HHT

Patient information on Hereditary Haemorrhagic Telangiectasia (HHT)

Who is this information for?

This information is for patients, families and carers with hereditary haemorrhagic telangiectasia (HHT).

What is hereditary hemorrhagic telangiectasia (HHT)?

• HHT is a genetic (inherited) disease, also known as Osler-Weber-Rendu syndrome, in which abnormal blood vessels (telangiectasia) may develop.
• It can cause some people considerable distress while others escape with less severe problems.
• For the majority of patients, nosebleeds are the main problem.
• Some people with HHT may develop abnormal blood vessels in their lungs (pulmonary arteriovenous malformations (PAVMs)) or brain (cerebral AVMs (CAVMs)).
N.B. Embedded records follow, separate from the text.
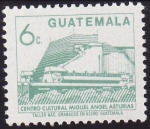 Stamps Guatemala -  Centro Cultural Miguel Ángel Asturias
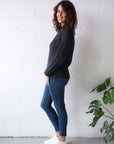 Alpaca Wool Classic Jumpers - Charcoal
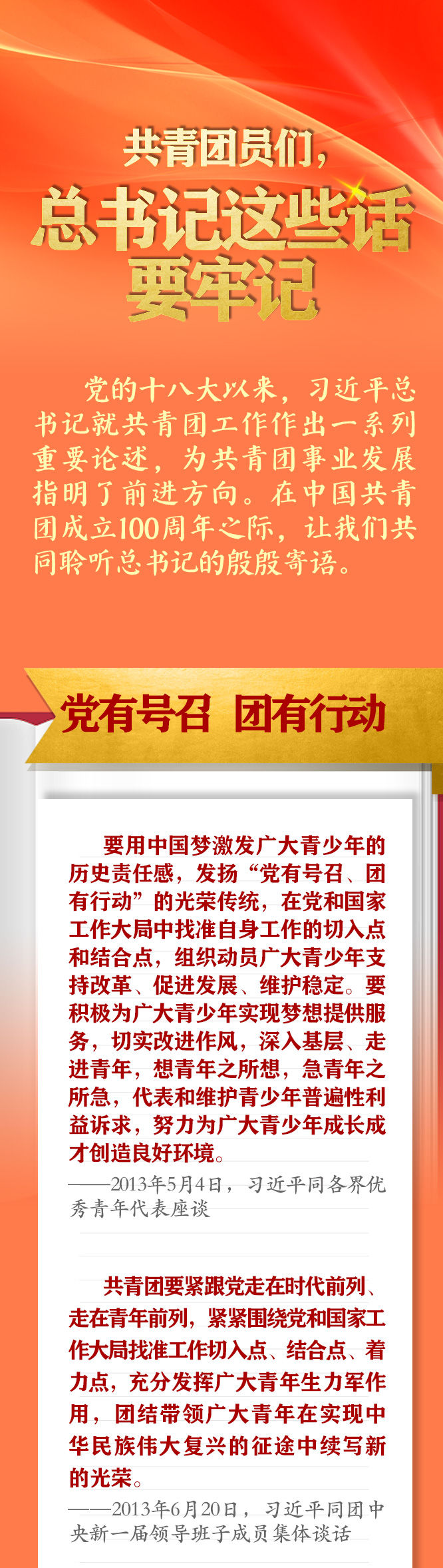 手繪長卷 | 共青團(tuán)員們，總書記這些話要牢記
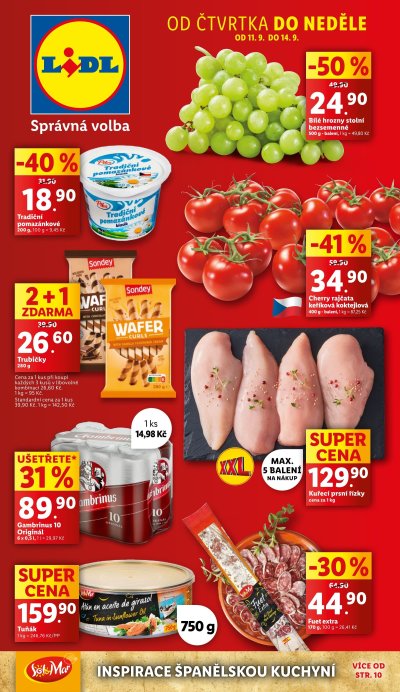 Akční leták týdne Lidl s platností od 11. 9.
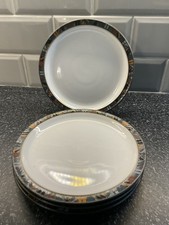 Denby Marrakesh - 4 x 21.5 cm Salad / Luncheon Plates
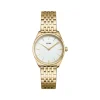 Montre CLUSE Féroce femme cadran blanc bracelet acier doré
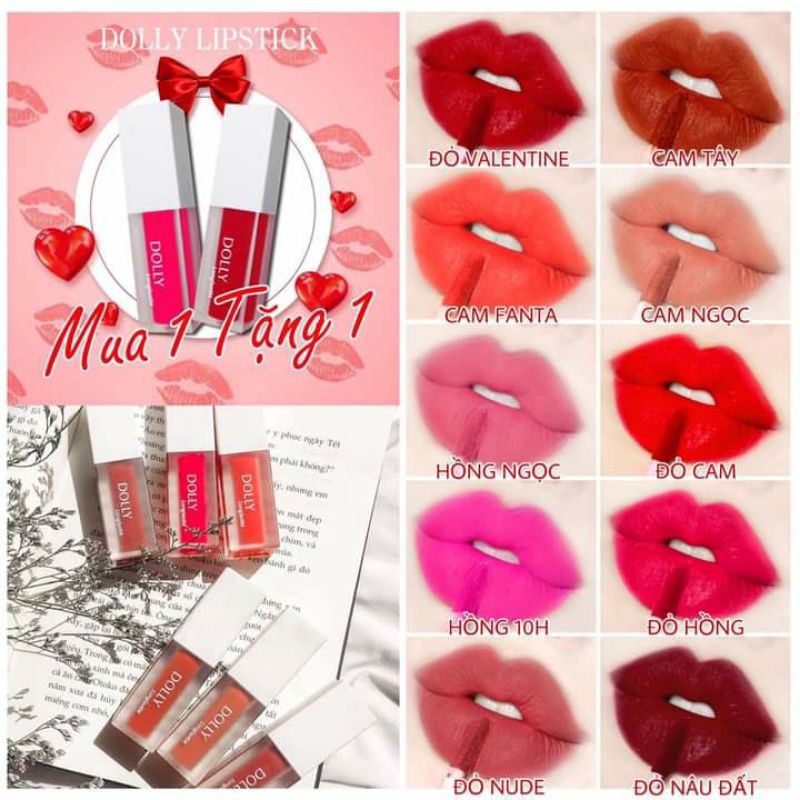 Combo Son hữu cơ không chì Dolly mua 1 tặng 1 [ tùy chọn màu ]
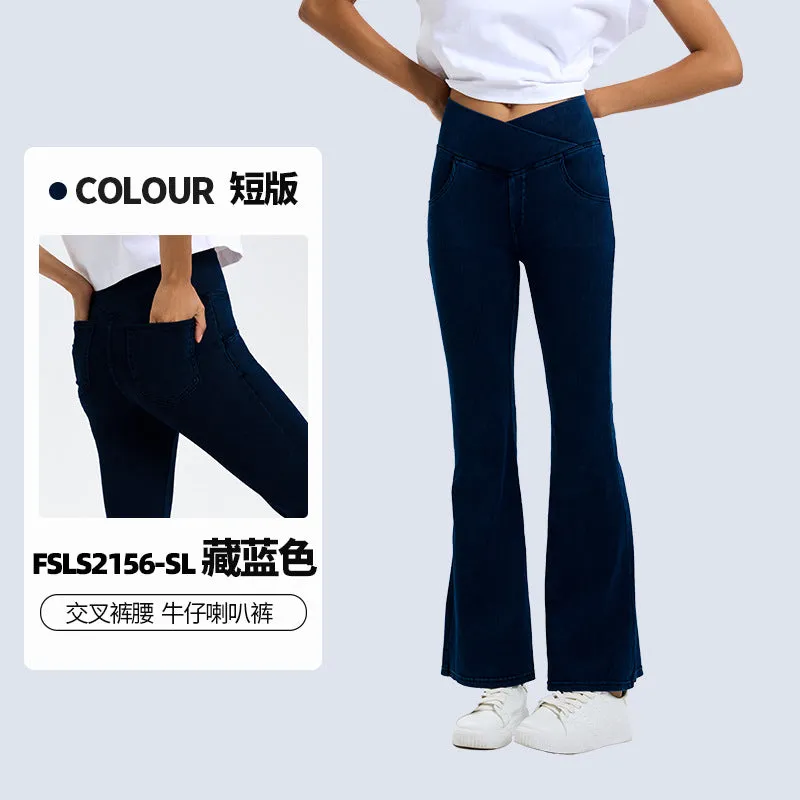 INSTOCK-New spring and summer cross waist jeans for women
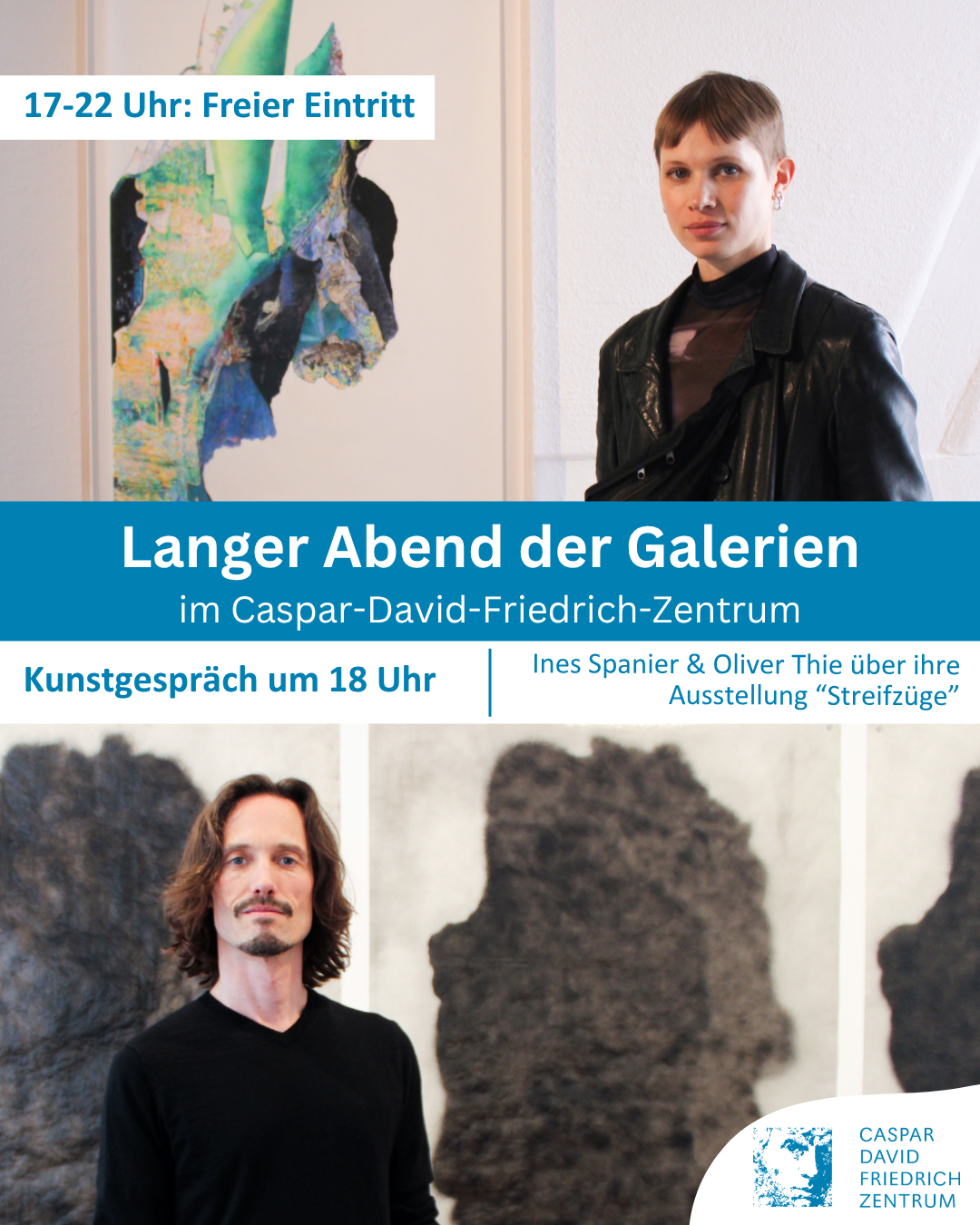 Langer Abend der Galerien: Kunstgespräch mit Ines Spanier & Oliver Thie über ihre aktuelle Ausstellung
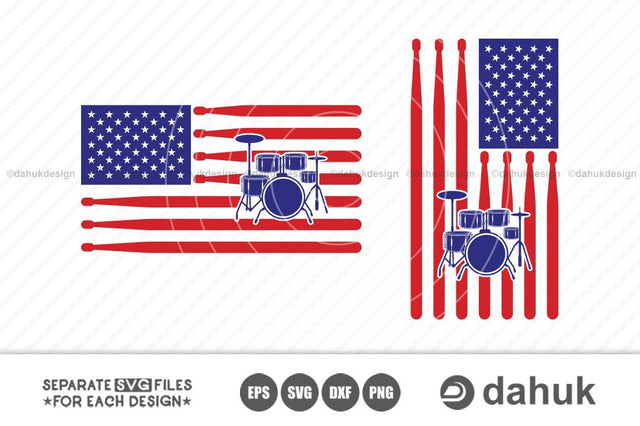 Drummer USA Flag SVG, flag usa svg, drummer USA flag, cut file for silhouette, drummer flag SVG dahukdesign 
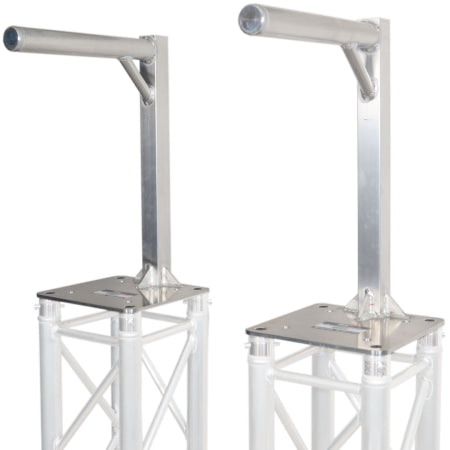 ProX XT-HEADMOUNT2416X2 | Set of 2 Inverted Mounts - 24in Height | 2in OD Arms for Overhead Lighting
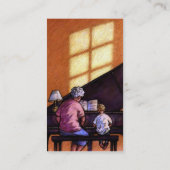 音楽のレッスンの先生のインストラクターの名刺 名刺 (裏面)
These may cause complications so screening tests are recommended. If AVMs are found then treatment options will be discussed with you.
• In about 20% of cases, bleeding from the lining of the stomach or intestines may occur (usually later in life).

How do I know if I have HHT?

• HHT does not usually cause problems in early life.
• The first signs of HHT in a child may be that nosebleeds are more frequent and heavier than those of other children; this may not happen until after the age of 10.
• Half of patients with HHT have frequent nosebleeds by the age of 16, and over 90% have regular nose bleeds by the age of 30.
• Telangiectasia may appear as red spots on the face, lips, tongue and finger tips.

Will I need any screening tests?

• PAVM screening is important for anyone with HHT – it is either done with a contrast transthoracic echocardiogram (CTTE, “bubble test”) or a CT scan of the chest. Screening in adults with HHT is recommended every 5 years. In children, after initial screening, screening should not occur again until after puberty.
• Prior to pregnancy, it is recommended that PAVM screening should occur as some women with PAVMs have complications during pregnancy (refer to HHT and Pregnancy patient information sheet).
• CAVM screening is usually done once as an adult (and sometimes as a child), with an MRI scan of the brain.
• Screening for stomach or intestinal lesions, with endoscopy, is usually only done if you have symptoms of bleeding.
• If you have PAVMs, even if they have been treated, you will be advised to take antibiotics prior to any dental treatment or surgery.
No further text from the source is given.